Passos Coelho acusa Governo de estar a viver da "herança" e de não se esforçar
Miguel Baltazar/Negócios
Lusa 11 de junho de 2017 às 22:52
"Quem não se esforça para ir mais longe não chega lá. Pode viver de heranças, mas as heranças acabam, esgotam-se. Gostava de ouvir o Governo dizer uma coisinha, pouca que fosse, sobre o muito que tem de fazer se queremos ser ambiciosos", afirmou o líder social-democrata.

Falando no encerramento da convenção autárquica do PSD do distrito de Santarém, Pedro Passos Coelho lamentou que o Governo socialista tenha "desperdiçado" todo o trabalho feito em matéria de descentralização de competências e que, só em vésperas das eleições autárquicas, tenha "sinalizado uma vontade genérica" com um "projecto de intenções" que, na generalidade, "são uma decepção", pois só quer transferir responsabilidades para os municípios sem dizer que meios vai disponibilizar.

Dirigindo-se aos autarcas e aos candidatos do partido às eleições de 1 de Outubro, Passos Coelho afirmou que hoje, "felizmente, o país pode crescer" porque o seu Governo fez "o que era preciso" e também "porque a Europa está a crescer mais" e porque o turismo "está em alta".

"Agora que percebemos que o país pode mais, é preciso fazer alguma coisa para que isto dure, temos de fazer mais e melhor", disse, acusando os membros do actual Governo de andarem "de um lado para o outro" em "campanha e propaganda por todo o lado", sem que se conheça "nem uma" reforma importante "a olhar para o futuro".

O líder social-democrata exortou o Governo socialista a ser, "pelo menos, coerente" com a promessa de uma "política diferente", que permitiria devolver rendimentos e baixar impostos e, ao mesmo tempo, reduzir o défice, "sem outros sacrifícios".

"Hoje sabemos qual é essa política diferente", disse, afirmando que ela representou "um corte de quase um ponto percentual do investimento público" em educação, saúde, "infraestruturas importantes que estavam programadas" e dentro da própria administração.

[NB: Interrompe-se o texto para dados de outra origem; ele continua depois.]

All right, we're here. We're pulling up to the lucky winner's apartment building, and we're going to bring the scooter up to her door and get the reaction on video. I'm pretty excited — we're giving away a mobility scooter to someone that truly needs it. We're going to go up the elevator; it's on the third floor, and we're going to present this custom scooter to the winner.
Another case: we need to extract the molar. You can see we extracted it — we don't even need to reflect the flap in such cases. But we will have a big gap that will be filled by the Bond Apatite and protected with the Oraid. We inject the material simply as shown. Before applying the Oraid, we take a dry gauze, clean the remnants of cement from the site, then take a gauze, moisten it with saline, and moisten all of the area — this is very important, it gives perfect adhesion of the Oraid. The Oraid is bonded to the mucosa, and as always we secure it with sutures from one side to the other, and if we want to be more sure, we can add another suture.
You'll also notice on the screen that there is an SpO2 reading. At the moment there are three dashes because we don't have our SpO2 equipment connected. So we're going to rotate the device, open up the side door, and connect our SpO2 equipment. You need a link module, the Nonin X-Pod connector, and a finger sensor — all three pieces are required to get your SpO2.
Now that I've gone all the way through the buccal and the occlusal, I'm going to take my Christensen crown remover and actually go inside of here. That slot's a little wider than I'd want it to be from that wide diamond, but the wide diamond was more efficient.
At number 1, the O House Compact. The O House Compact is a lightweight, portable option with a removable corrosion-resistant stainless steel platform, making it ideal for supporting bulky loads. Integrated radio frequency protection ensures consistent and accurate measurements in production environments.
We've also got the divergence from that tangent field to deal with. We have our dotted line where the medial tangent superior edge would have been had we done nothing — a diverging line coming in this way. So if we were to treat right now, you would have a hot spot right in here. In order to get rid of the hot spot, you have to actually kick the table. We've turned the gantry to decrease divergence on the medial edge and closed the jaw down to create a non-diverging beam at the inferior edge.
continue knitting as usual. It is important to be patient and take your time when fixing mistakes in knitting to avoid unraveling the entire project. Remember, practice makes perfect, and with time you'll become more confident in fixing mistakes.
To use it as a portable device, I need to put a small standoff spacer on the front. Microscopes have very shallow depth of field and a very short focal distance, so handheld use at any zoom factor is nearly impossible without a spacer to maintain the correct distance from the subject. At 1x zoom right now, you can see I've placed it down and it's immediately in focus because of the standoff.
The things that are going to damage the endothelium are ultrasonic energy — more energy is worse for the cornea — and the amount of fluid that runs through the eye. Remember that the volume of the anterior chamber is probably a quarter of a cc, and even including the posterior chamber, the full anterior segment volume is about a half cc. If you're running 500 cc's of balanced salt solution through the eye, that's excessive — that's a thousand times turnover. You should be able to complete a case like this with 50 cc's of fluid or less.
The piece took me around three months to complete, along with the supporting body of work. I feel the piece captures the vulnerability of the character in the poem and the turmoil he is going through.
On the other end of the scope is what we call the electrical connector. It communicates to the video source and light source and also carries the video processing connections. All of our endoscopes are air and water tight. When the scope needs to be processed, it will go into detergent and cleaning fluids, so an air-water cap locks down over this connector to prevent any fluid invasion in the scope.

Passos Coelho acusou ainda o Governo de "nem sequer ter a coragem de assumir" os cortes que faz, apontando o "raspanete público" passado pelo ministro da Saúde aos responsáveis dos centros de saúde, de "que não pagavam a horas e estavam a aumentar os atrasados", pondo em risco os fornecimentos aos serviços de saúde.

"É preciso ter lata. Ele não lhes dá o dinheiro e depois reúne-os a todos e passa-lhes um correctivo 'então os senhores não pagam?'", declarou.

"Ao menos podiam dizer 'vamos cortar porque não temos dinheiro'. É o que se passa, é que não têm dinheiro e, por isso, vão ter de reduzir os serviços", afirmou, sublinhando que "não foi para isso que se fizeram sacrifícios durante tantos anos".

"Não foi para gerir o país nos próximos anos como se estivéssemos em emergência financeira, porque nós não estamos em emergência financeira e não é preciso, fora de um quadro de emergência, actuar desta maneira", disse, assegurando que "esse problema" ficou resolvido pelo seu Governo.

Afirmando que, em 2015, a economia estava em recuperação, Passos Coelho explicou o abrandamento em 2016 com estar "tudo à espera de ver o que dava" um Governo suportado pelos partidos à esquerda e a perspectiva de se cumprirem as metas este ano com o ter-se percebido que Bloco de Esquerda e PCP "afinal estão no bolso do Governo", aceitando agora "a troco de muito pouco" o que antes contestavam.

"Trabalhámos muito para que o país pudesse crescer como está a crescer", disse, afirmando que, se o seu Governo tivesse feito "um caminho à Siriza", o país estaria agora a aprovar pacotes de austeridade como acontece com a Grécia, num momento em que a Europa "só fala de crescimento e não quer falar de austeridade".

"Que pena que não exista uma missão da 'geringonça' a Atenas para explicar àquela gente que têm outras escolhas e podem fazer doutra maneira - mandar a troika embora, investirem, repor os salários, apostarem no crescimento. Porque é que a Grécia não aposta no crescimento? Deviam ir lá vender essa teoria para ver se alguém engolia essa conversa fiada", disse.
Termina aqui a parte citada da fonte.